Continued investments in fossil fuels create increased risks of stranded assets and shortfalls in government revenue, as competition with cheaper and cleaner alternatives, such as solar and wind, grows and demand for fossil fuels declines. We urge G7 leaders to take advantage of investment opportunities in clean energy and promote a just and equitable transition away from all fossil fuels,” the letter reads.

Research shows that between 2020 and 2022, the G7 poured USD73 billion in public finance in new fossil fuel projects, 2.6 times their support for clean energy over the same period. While the UK, Canada and France have delivered on their commitment to end this fossil fuel finance, Japan, Italy and Germany have not. The US claims it has delivered on its commitment, but its fossil fuel finance policy is not publicly available.

The groups expressed concern over Japan leveraging its G7 presidency to increase financing for fossil fuels and to advance its dirty energy strategy for Asia.
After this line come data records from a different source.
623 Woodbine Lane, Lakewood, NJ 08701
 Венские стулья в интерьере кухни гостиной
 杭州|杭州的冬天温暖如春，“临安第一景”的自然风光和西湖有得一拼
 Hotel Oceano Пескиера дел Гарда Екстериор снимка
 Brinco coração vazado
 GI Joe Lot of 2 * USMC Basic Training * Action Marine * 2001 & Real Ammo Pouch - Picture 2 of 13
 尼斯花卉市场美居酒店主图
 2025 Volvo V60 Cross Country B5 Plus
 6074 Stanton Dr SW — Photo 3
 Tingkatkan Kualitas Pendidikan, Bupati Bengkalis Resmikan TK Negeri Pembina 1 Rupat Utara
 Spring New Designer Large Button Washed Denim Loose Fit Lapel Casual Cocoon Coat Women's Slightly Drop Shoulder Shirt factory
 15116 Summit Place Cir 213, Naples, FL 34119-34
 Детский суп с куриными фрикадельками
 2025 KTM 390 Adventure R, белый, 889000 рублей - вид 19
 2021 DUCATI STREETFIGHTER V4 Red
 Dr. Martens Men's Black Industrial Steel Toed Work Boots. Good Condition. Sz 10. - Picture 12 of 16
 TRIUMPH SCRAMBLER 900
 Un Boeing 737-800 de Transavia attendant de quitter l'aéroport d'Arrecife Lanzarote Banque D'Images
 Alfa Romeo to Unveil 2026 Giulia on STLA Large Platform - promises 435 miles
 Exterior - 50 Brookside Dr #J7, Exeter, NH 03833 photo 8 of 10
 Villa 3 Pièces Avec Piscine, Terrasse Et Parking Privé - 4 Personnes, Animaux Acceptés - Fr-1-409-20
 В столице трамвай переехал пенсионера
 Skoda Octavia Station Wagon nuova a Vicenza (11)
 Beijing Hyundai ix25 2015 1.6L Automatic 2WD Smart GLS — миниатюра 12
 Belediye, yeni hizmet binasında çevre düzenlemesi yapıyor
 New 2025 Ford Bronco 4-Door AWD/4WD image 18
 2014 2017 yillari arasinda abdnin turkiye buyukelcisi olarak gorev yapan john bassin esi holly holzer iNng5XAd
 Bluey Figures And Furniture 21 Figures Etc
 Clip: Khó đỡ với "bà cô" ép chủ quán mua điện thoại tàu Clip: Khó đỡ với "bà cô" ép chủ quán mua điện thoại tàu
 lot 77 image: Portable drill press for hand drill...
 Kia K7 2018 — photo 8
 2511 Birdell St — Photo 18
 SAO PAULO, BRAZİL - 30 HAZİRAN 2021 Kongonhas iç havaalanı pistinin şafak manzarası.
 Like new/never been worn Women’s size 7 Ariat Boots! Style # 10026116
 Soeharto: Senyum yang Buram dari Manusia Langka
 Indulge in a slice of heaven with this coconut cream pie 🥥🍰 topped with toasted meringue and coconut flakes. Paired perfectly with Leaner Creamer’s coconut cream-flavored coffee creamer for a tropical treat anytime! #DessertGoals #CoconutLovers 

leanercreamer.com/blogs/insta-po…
It plans to do this through its Green Transformation (GX) policy, which aims to mobilize over USD1.1 trillion in public and private capital over the next ten years to overhaul industrial sectors in Japan and provide partner countries with Japanese technology and finance. 

A leaked draft text of the Climate and Energy Ministers’ Communiqué, dated April 5, touted false solutions, hydrogen, and ammonia, as effective tools to advance decarbonization in hard-to-abate sectors, such as industry and transportation.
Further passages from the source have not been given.